OPNIÓN
No basta el esfuerzo por cambiar un rumbo si no logramos convencer a quienes, sin tener firmes posiciones ideológicas, se oponen.
“…y lo que parece atraso suele transformarse pronto en cosas que para el tonto son causa de su fracaso”. Alfredo Zitarrosa.
De las discusiones derivadas de la epidemia que nos afecta, pocas me han llamado tanto la atención como las vinculadas al incremento de la desigualdad de ingresos que se pueda generar. ¿No nos distraerá de asuntos más apremiantes? La insistencia en torno a la desigualdad ha quizá alienado a quienes en su comienzo compartían que era necesario un esfuerzo por disminuir brechas de ingreso, aún si esa redistribución no se enfocaba solamente en los más carenciados.
Sabemos poco o nada acerca determinantes básicos de las desigualdades en nuestro país. Por ejemplo, ¿cuánto se debe a la inversión de las madres y padres? ¿cuánto al entorno donde crecimos? Y las discusiones, salvo excepciones, se han abstraído de considerar brechas de ocio, de consumo e incluso de mortalidad, aspectos fundamentales a lo largo del ciclo de vida y que, a diferencia del ingreso, suelen ser objetivos y no instrumentos.

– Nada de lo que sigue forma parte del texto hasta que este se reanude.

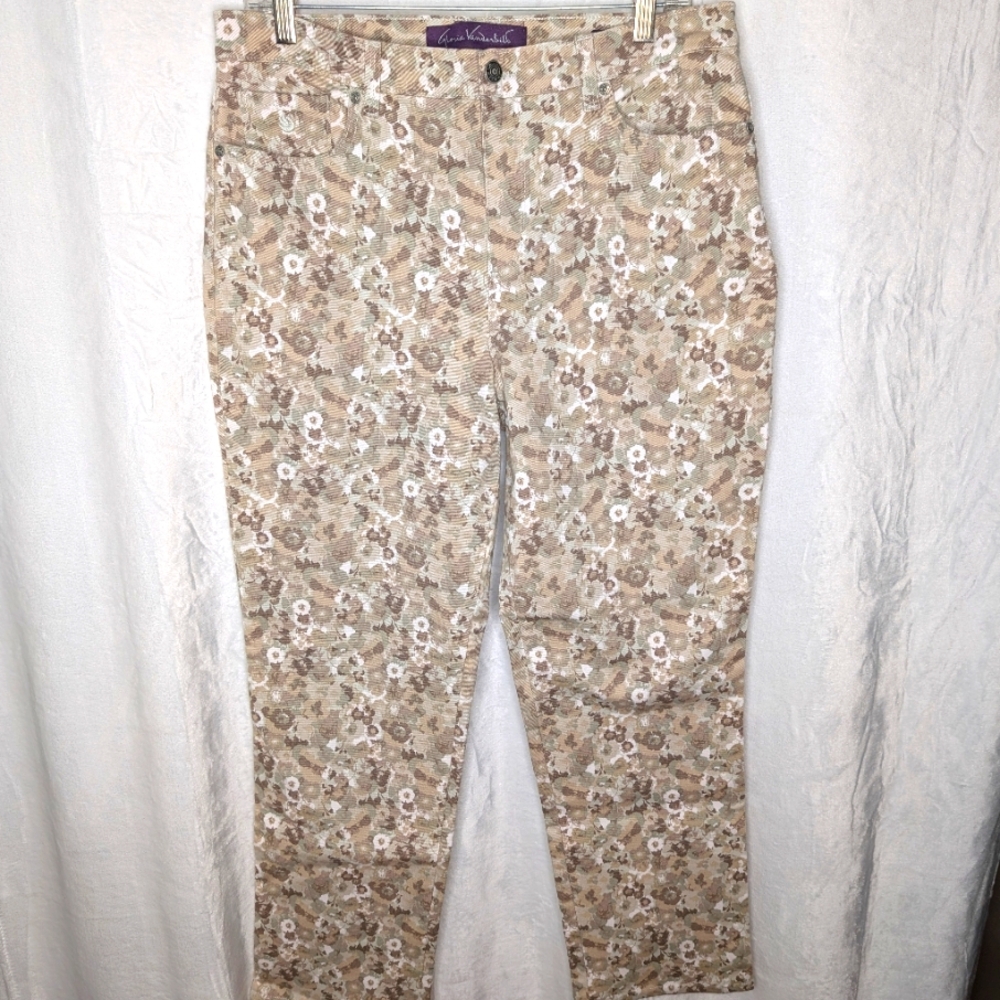 Floral Tan Amanda Jeans By Gloria Vanderbilt. Size 12 SHORT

Dado lo poco que sabemos acerca de las causas y consecuencias de la desigualdad, me sorprende la actitud hacia quienes no comparten nuestras preferencias. Quizá haya que sincerarse y reconocer que, per se, preferencias por niveles de igualdad no determinan la calidad humana. Entender posiciones contrarias se vuelve entonces condición necesaria para una introspección, algo indispensable para entablar cualquier debate. A medida que pasa el tiempo, quienes no comparten nuestras posiciones ya escucharon todos los eslóganes y seguramente demanden argumentos libres de falacias y de fundamentalismos escondidos. Sectores que insisten en que el debate se enfoque en aspectos de equidad indiscriminada, tienen el deber de transparentar las razones por las cuales ese debe ser el norte de las políticas públicas; si no, quienes nos preocupamos mayormente por la marginalidad y la pobreza, y consideramos que esos son los principales debe de nuestro país, seguramente veamos discusiones acerca de una redistribución no enfocada en los más débiles, como una distracción.

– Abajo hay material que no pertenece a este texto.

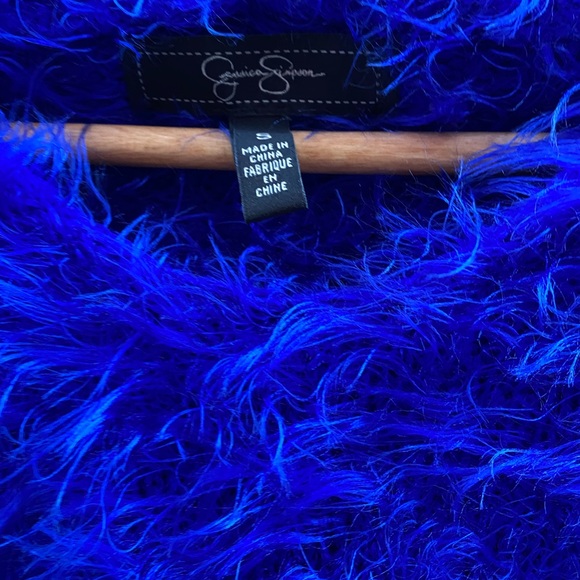 Y2K fuzzy cropped hoodie - Picture 10 of 11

Es fácil justificar el esfuerzo en políticas que disminuyan la pobreza, desde la disciplina económica, así como desde principios básicos de filosofía moral. Eso no sucede con la desigualdad de ingresos, donde ni siquiera sabemos los niveles de desigualdad óptimos. Sin embargo, esas preocupaciones —desigualdad y pobreza— suelen presentarse juntas; como si políticas destinadas a disminuir las brechas de ingreso y la pobreza no fueran, muchas veces, mutuamente excluyentes. Políticas distributivas que benefician sectores de clase media necesariamente están distrayendo recursos de los más necesitados. Clamores por redistribución proveniente de aquellos sectores sin que queden explicitados esos balances, pueden ser confundidos con búsqueda de rentas y no con un genuino anhelo por justicia social.
Los más pobres y marginados viven en la urgencia de lo inmediato. No tienen tiempo para discutir la evolución del Gini, y eternos debates sobre Rawls y Nozick son placeres que les está privado. Porque las preocupaciones indiscriminadas por redistribución suelen ser un bien de lujo: crecen con el ingreso. Cuando en invierno el combustible solo alcanza para quince minutos por día, se piensa en calefacción. Cuando el desayuno consiste en un vaso de leche con cocoa, se piensa en comida.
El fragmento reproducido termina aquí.